My thoughts are with the local coyotes as they are in the regional news this weekend.

That was when they came on the coyotes, two females hunting in the open. They were a mile or so from the hollow that fed Bitter creek, not a place Deanna would have gone looking for them. It was a clearing where fallen trees had opened the canopy, letting the sun onto a patch of forest floor that now grew thick with a red carpet of new blackberry leaves. At first she thought they were dogs, they were so big: thick-furred behind the ears like huskies, and much stockier than the scrawny specimen she’d seen in the zoo or any western coyote she’d seen in photographs. These two appeared golden in the sunlight, arching their backs and hopping through the foot-deep foliage, one and then the other, like a pair of dolphins alternately rolling above the waves. They were on the trail of something small and quick beneath the leaves and grass. Probably a vole or a mouse. They paid no attention to the pair of humans who stood with their boots frozen in the shadows. Focused entirely on their pursuit, their ears twitched forward like mechanical things, tracking imperceptible sounds. Like two parts of a single animal they moved to surround and corner their prey against a limestone bank, tunnelling after it with their long noses. Deanna watched, spellbound. She could see how efficiently this pair might work a field edge, pursuing the mice and voles they seemed to prefer. No wonder farmers saw them often and feared for their livestock; if only they knew that they had nothing to lose but their mice. It occurred to her as she watched them that this manner of hunting might actually be helpful to ground-nesting birds like the bobwhite, because of the many passages it would open through the tight clumps of fescue.

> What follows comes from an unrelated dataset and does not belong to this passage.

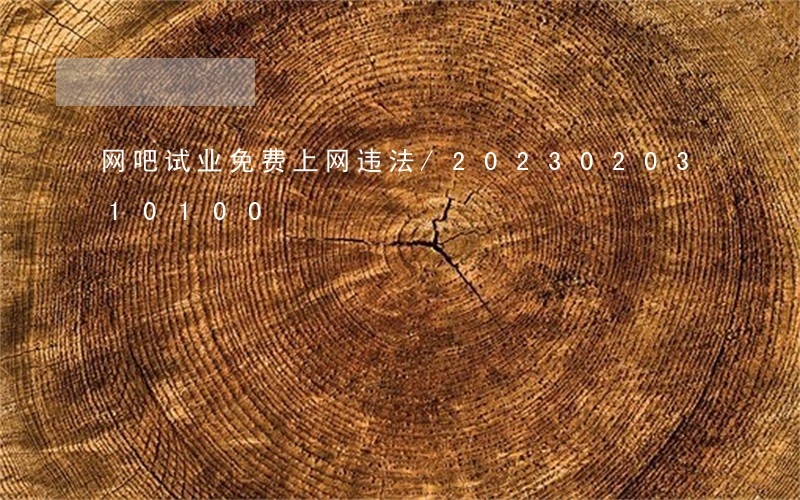 网吧试业免费上网违法/2023020310100 网吧试业免费上网违法/2023020310100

~Barbara Kingsolver, Prodigal Summer, p 196-7

Barbara Kingsolver, Prodigal Summer - book cover from www.kingsolver.com

Duet

This morning serenaded by two owls calling back and forth with each other. Has gone on for some time and continues now. Coming from the direction of the park where the owl took up residence this past summer. Never heard anything like this before.

Gift of the Raven

A raven was on our front walk this morning, with a prize, and an audience of magpies arrayed in the surrounding branches.

Raven and prize

Raven and prize

It flew up to the lamppost, then left soon after. So did the magpies – all abandoning the prize alone on the pavement.

“It’s a bird,” said my partner… “It’s still alive,” seeing it flutter a little.

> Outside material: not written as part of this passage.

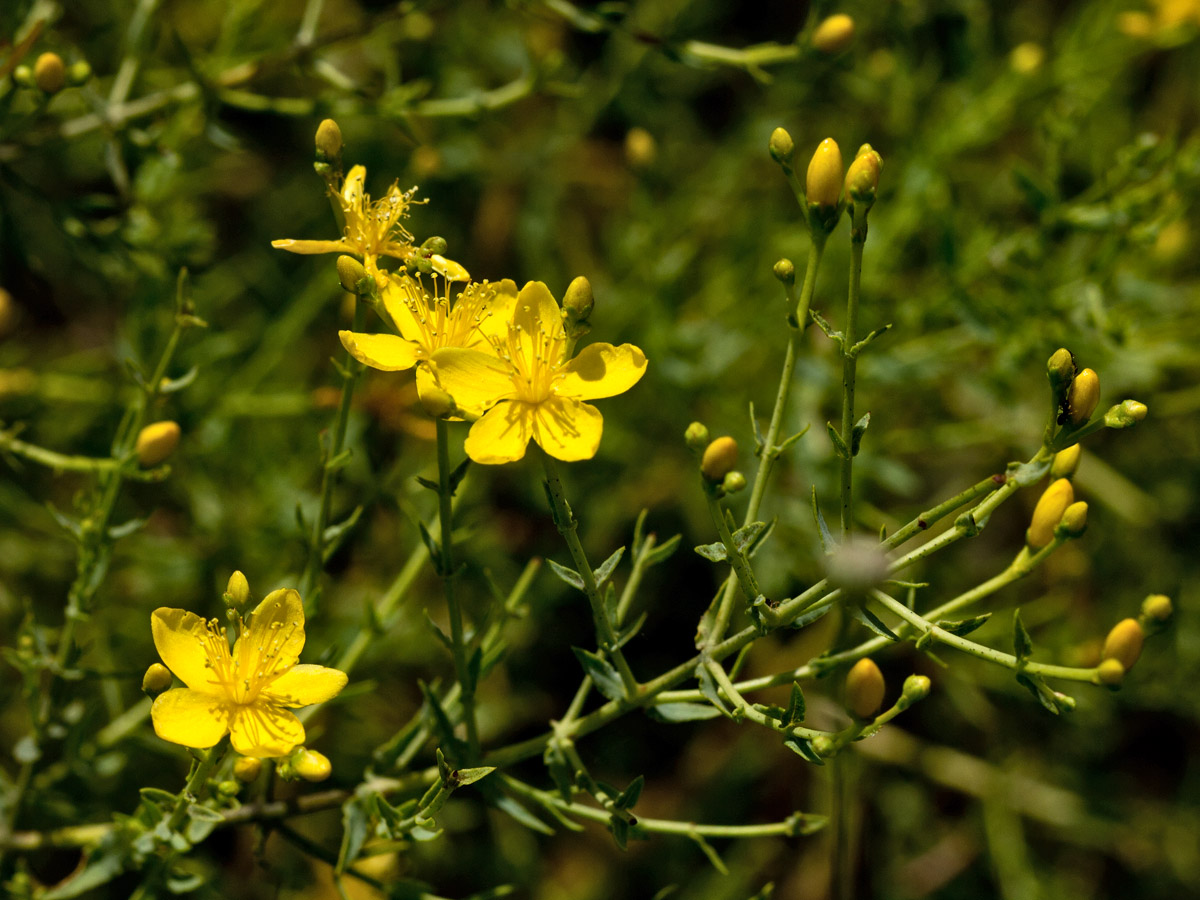 Изображение особи Hypericum triquetrifolium.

We stood at the window and contemplated the harsh realities of predator and prey.

Soon after, we went out and saw the prize close-up –

A young raven?

No – a styrofoam, feather covered little crow figurine, with wires coming out of its feet.

Little crow

Little crow

Urban wildlife

My dog and I met a large coyote trotting down a back alley this morning, half a block from the river valley drive. My dog was eager to meet it, so I was relieved when it shyly detoured up into a driveway to avoid us. I’m surprised I don’t see them more often, this close to the valley.